I'm sure you really are worried about how "Facebook are bad", and you feel like you need to insert that into many conversations about other things, but "Facebook are bad" is irrelevant here.
You made a bogus claim about Security Keys. These bogus claims help to validate people's feeling that they're helpless and, eh, they might as well put up with "Facebook are bad" because evidently there isn't anything they can really do about it.
So your problem is, which is more important, to take every opportunity to surface the message you care about "Facebook are bad" in contexts where it wasn't actually relevant, or to accept that hey, actually you're wrong about a lot of things, and some of those things actually reduce the threat from Facebook ? I can't help you make that choice.
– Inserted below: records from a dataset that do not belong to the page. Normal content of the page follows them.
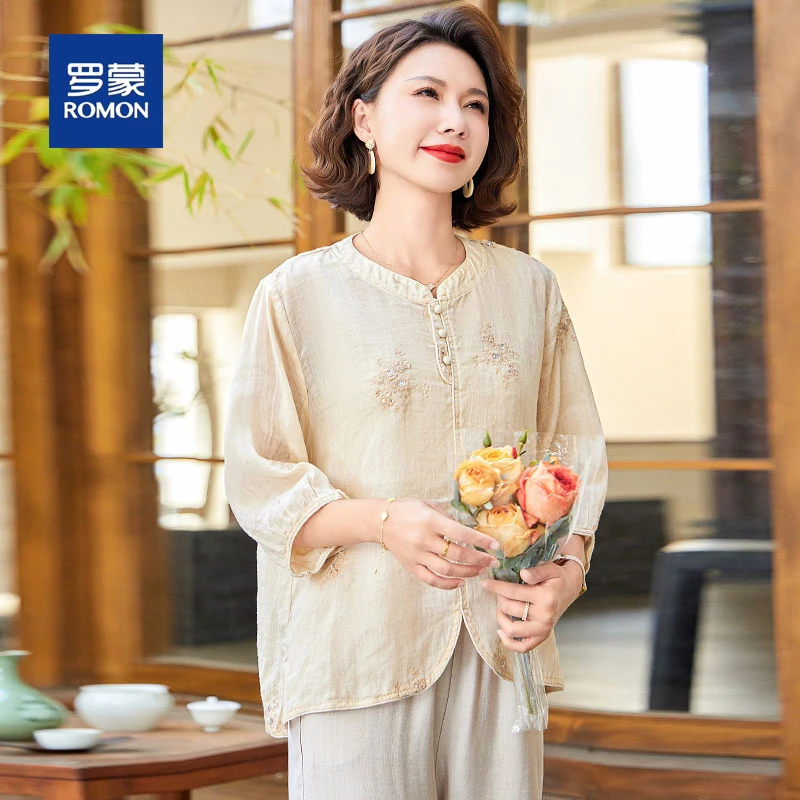 罗蒙妈妈装夏装新款套装女洋气短袖衬衫中老年贵夫人休闲上衣服女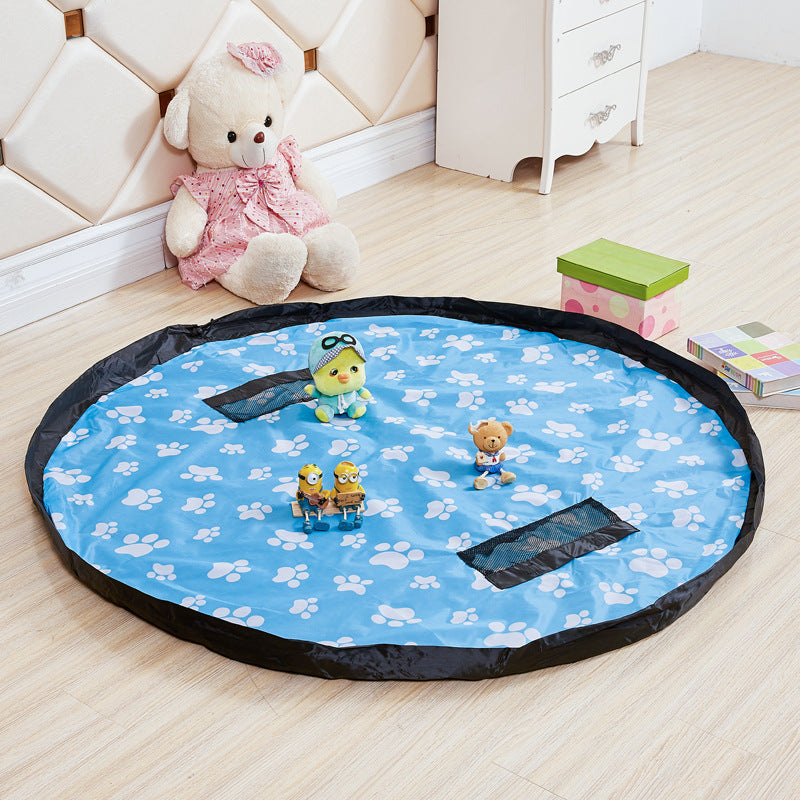 Kids 2-in-1 play mat & toy storage bag, vibrant cotton, for quick cleanup of children's toys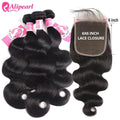 AliPearl Human Hair Bundles With Transparent Lace 6x6 Closure Brazilian Body Wave Bundle With Closure Human Hair Weave Extension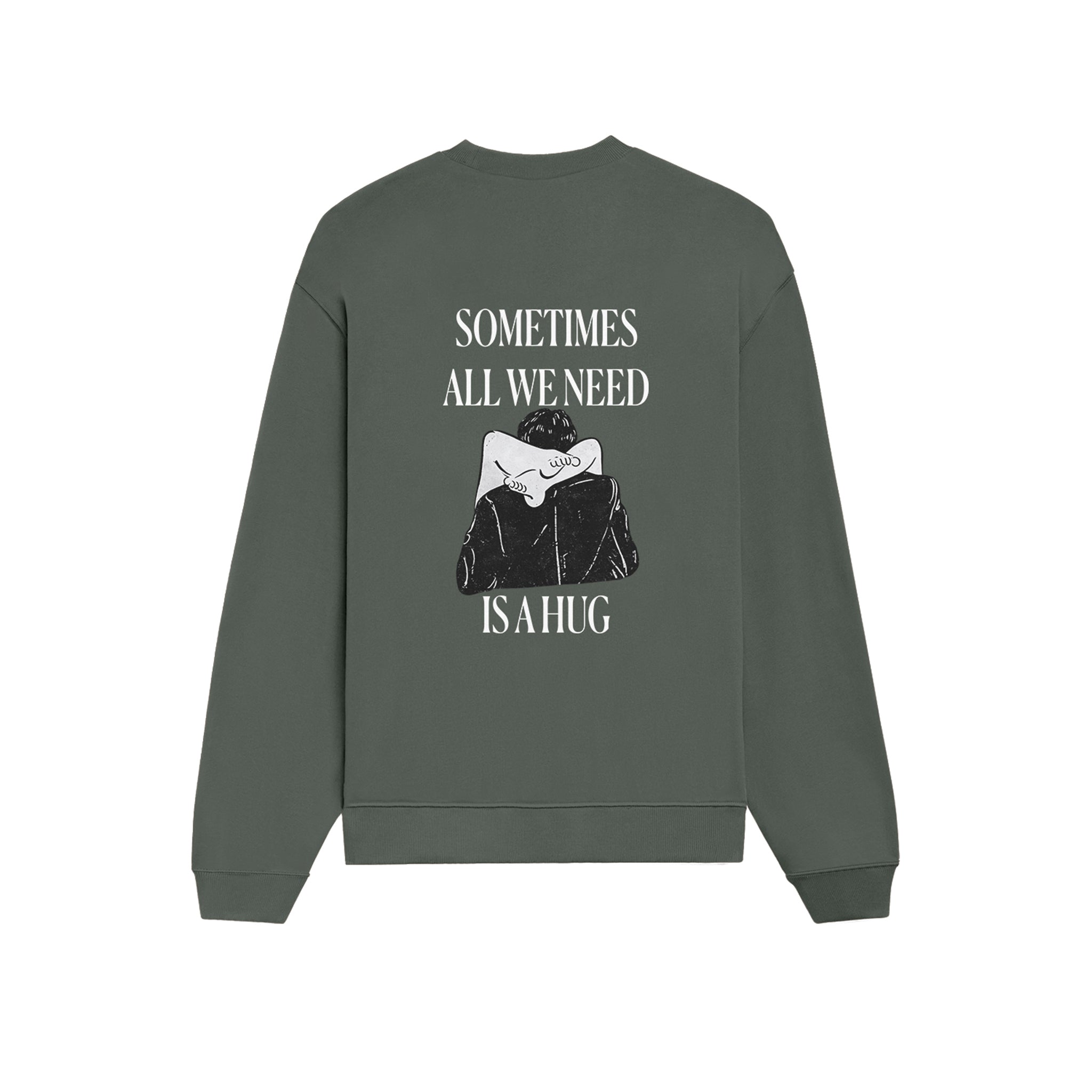 We Need A Hug Oversize Sweatshirt - Antrasit - arka görünüm
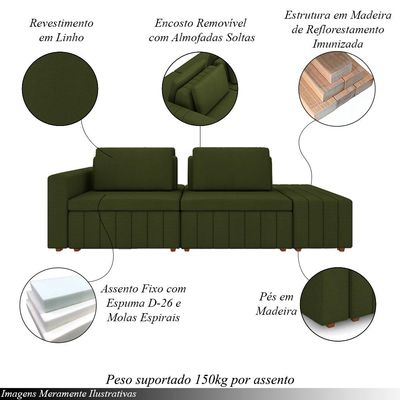 Sofá Ilha com Encosto e Almofadas Móveis Olimpo 245cm Modulado Linho Verde G45 - Gran Belo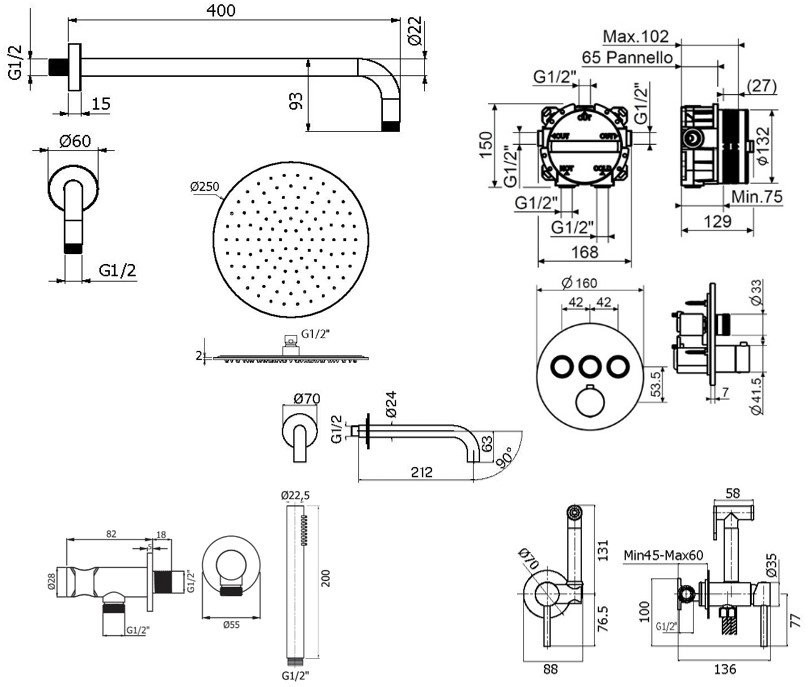 Комплект для ванной Plumberia Selection PSBOX KITZPSB03CR60 С ВНУТРЕННЕЙ ЧАСТЬЮ, хром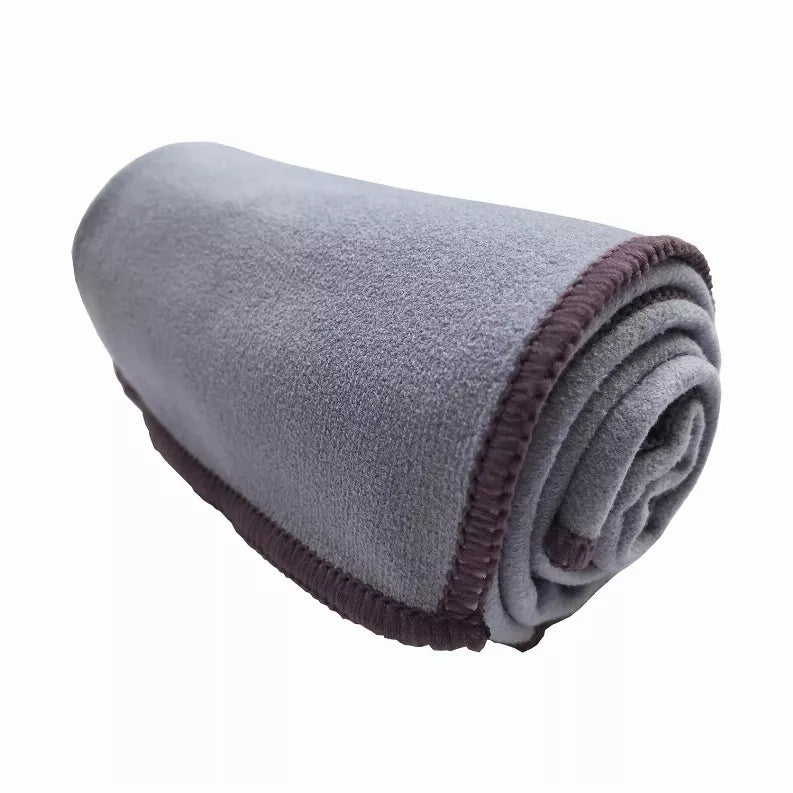Lavender suede-style hand towel with dark purple stitched border, folded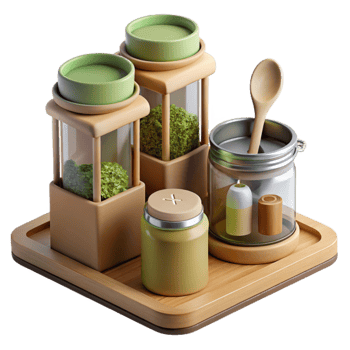 extraordinary creative Kitchen Spice Organizer Wooden Tray, Glass Jars, Herbs 4K png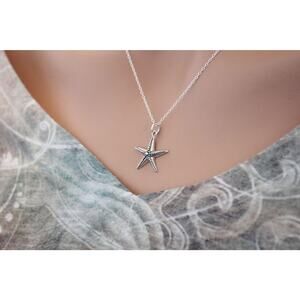 Sterling Silver Starfish Necklace, Silver Starfish Charm Necklace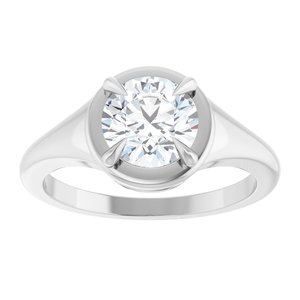 14K X1 White Gold 7 mm Round Ring Mounting – image 5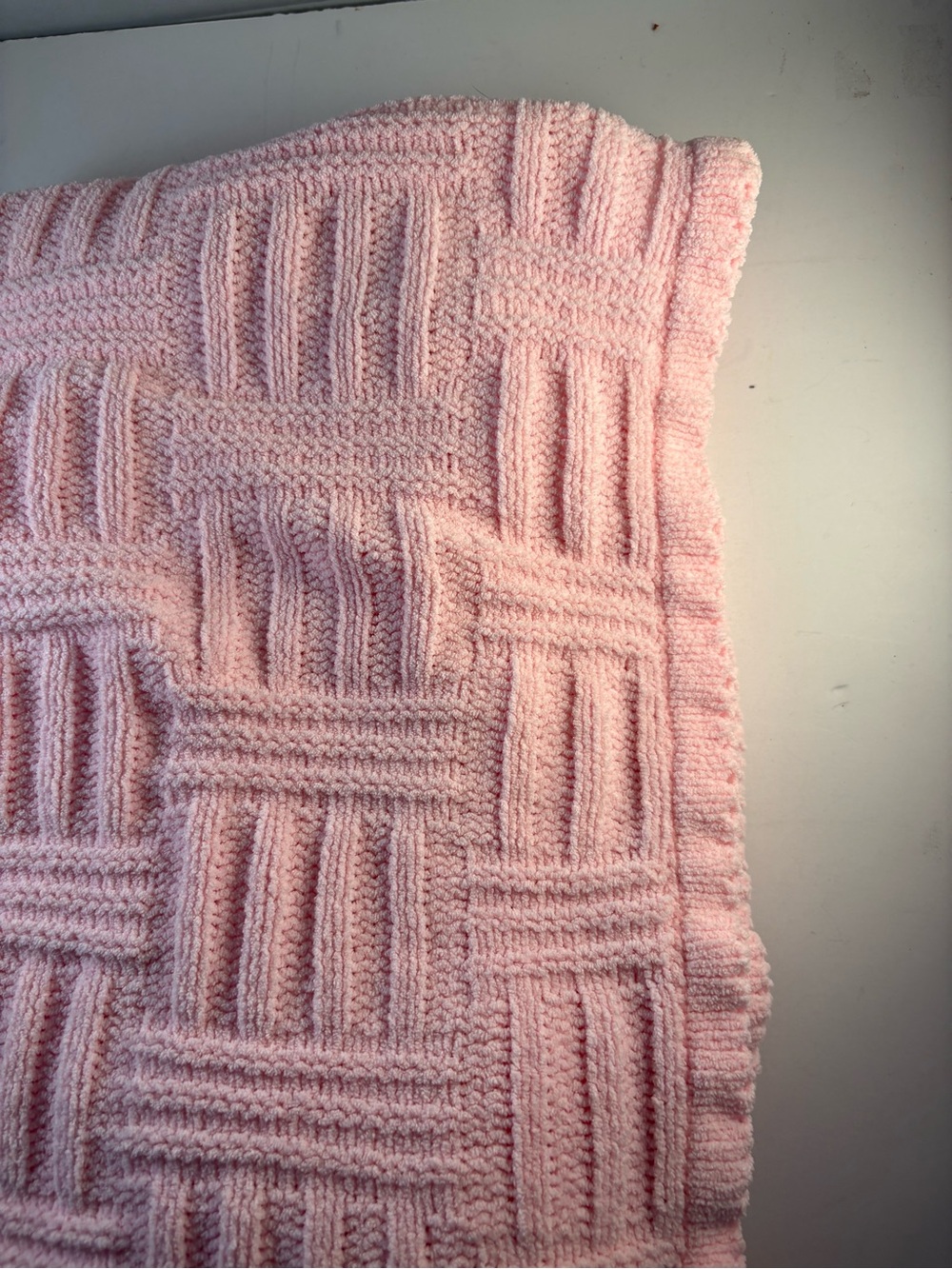 VTG Amy Coe Limited Edition Pink Chenille Baby Blanket Basketweave Knit Lovey
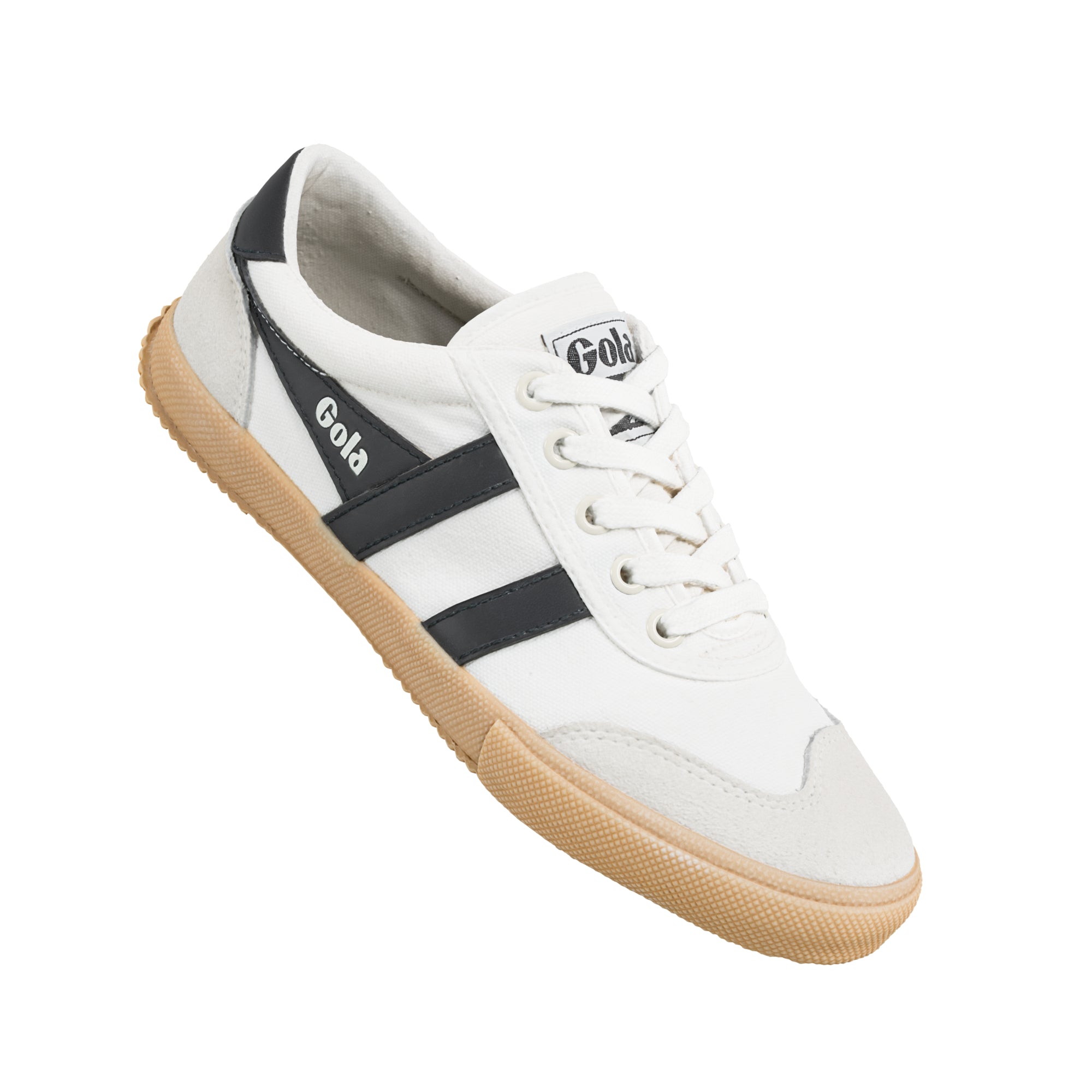 White canvas trainer with black side stripes and gum rubber sole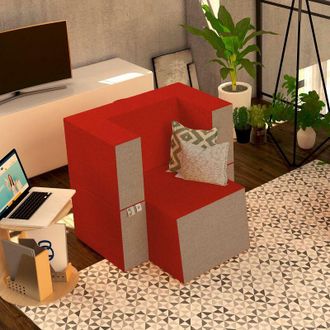 Baldiflex Baldiflex Poltrona Morbida Convertibile in Pouf color Rosso Pompeiano Praticha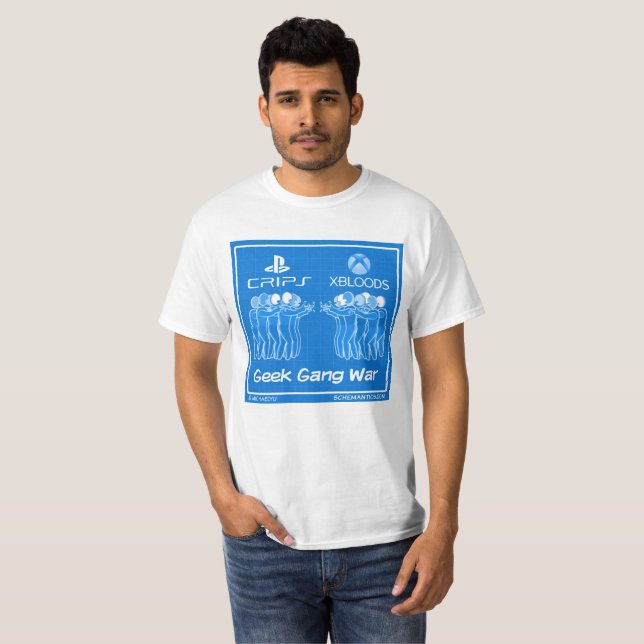 Camiseta "Batata frita contra o t-shirt dos homens de (Frente Completa)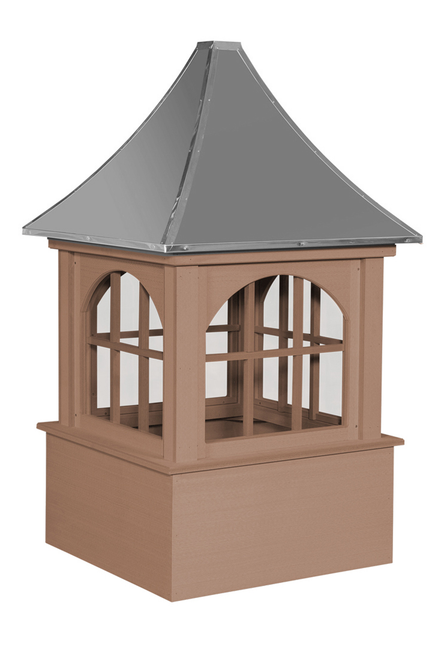 Cupola - Bethany - Cedar PVC - 48Lx48Wx91H - Metal Top Cupola - Bethany - Cedar PVC - 48Lx48Wx91H - Metal Top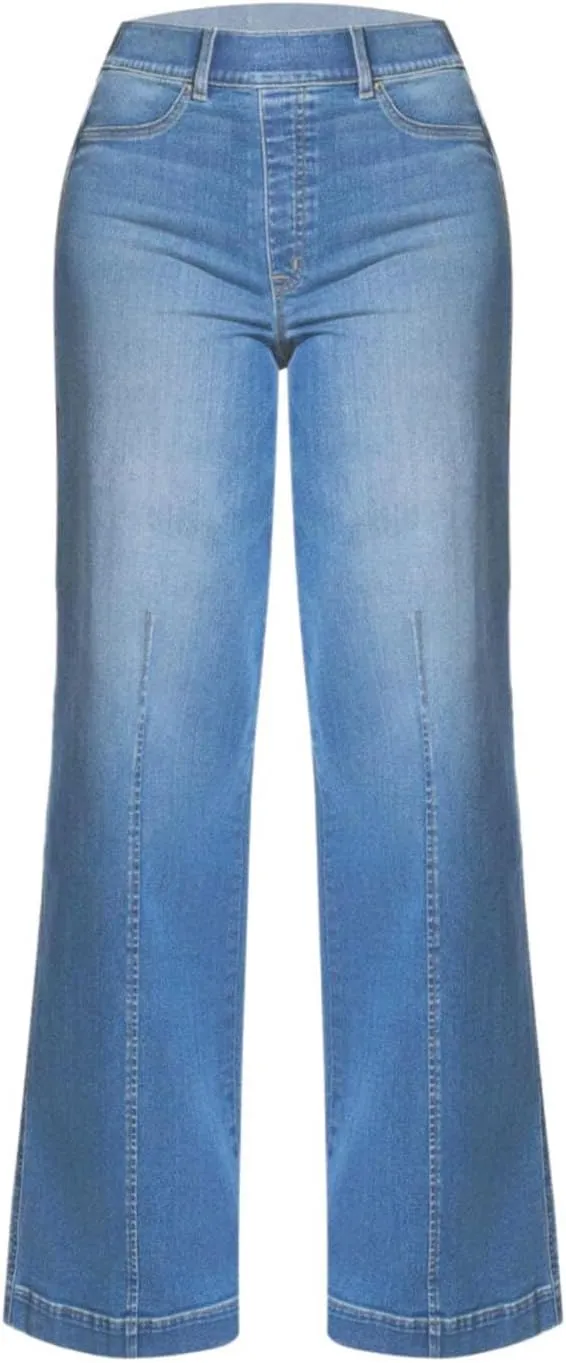 Wide Leg Jeans for Women Trendy Stretch Straight Leg Elastic High Waisted Denim Pants Baggy Pull On Jeans for Women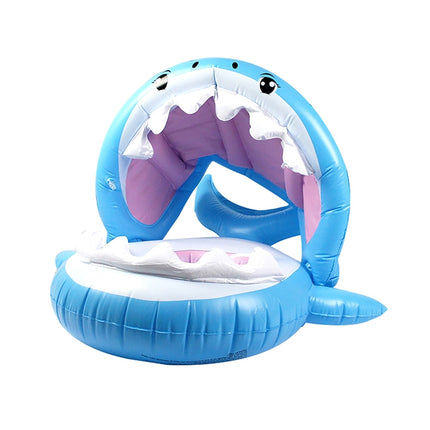 PVC Inflatable Childrens Swimming Ring Play Water Toys Inflatable Shark Shade Seat, Size:95 x 78 x 70cm-garmade.com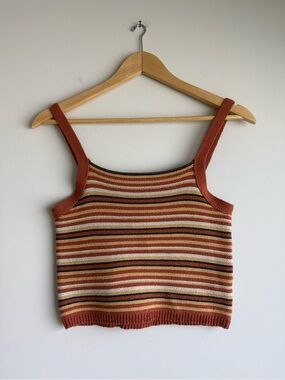 BeCool Striped Knit Crop Tank Top Boho Y2K Medium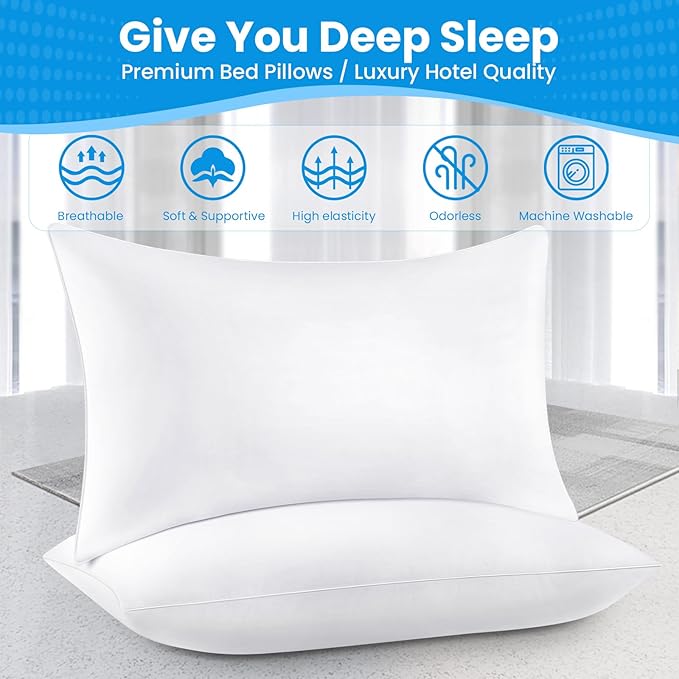 Bed pillows for sleeping, Down alternative pillows, White,Microfiber filled,Queen pillows set of 2,20x30 Inches,Super soft,Hotel collection,Queen size pillow for back,stomach or side sleepers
A key part of various such tamper-resistant devices is an embedded secret that's very difficult/expensive to extract. However, the manufacturer (i.e. "the company selling the soution) may know the embedded secret without extracting it. Because of that, trust in the solution provider is essential even if it's just simple math.
For a practical illustration, see the 2011 attack on RSA (the company) that allowed attackers access to secret values used in generating RSA's SecurID tokens (essentially, cheap devices that do mathematics) allowing them to potentially clone previously issued tokens. Here's one article about the case - https://www.wired.com/story/the-full-story-of-the-stunning-r...
That's true. Yubico provide a way to just pick a new random number. Because these are typically just AES keys, just "picking a random number" is good enough, it's not going to "pick wrong".
If you worry about this attack you definitely should perform a reset after purchasing the device. This is labelled "reset" because it invalidates all your credentials, the credentials you enrolled depend on that secret, and so if you pick a random new secret obviously those credentials stop working. So, it won't make sense to do this randomly while owning it, but doing it once when you buy the device can't hurt anything.
However, although I agree it would be possible for an adversary who makes keys to just remember all the factory set secrets inside them, I will note an important practical difference from RSA SecurID:
For SecurID those are actually shared secrets. It's morally equivalent to TOTP. To authenticate you, the other party needs to know the secret which is baked inside your SecurID. So RSA's rationale was that if they remember the secret they can help their customers (the corporation that ordered 5000 SecurID dongles, I still have some laying around) when they invariably manage to lose their copy of that secret.
Whereas for a FIDO token, that secret is not shared. Each key needs a secret, but nobody else has a legitimate purpose for knowing it. So whereas RSA were arguably just foolish for keeping these keys, they had a reason - if you found out that say, Yubico kept the secrets that's a red flag, they have no reason to do that except malevolence.
How do you imagine this would work?
The "solution" here is just a cheap device that does mathematics. It's very clever mathematics but it's just mathematics.
I think you're imagining a lot of moving parts to the "solution" that don't exist.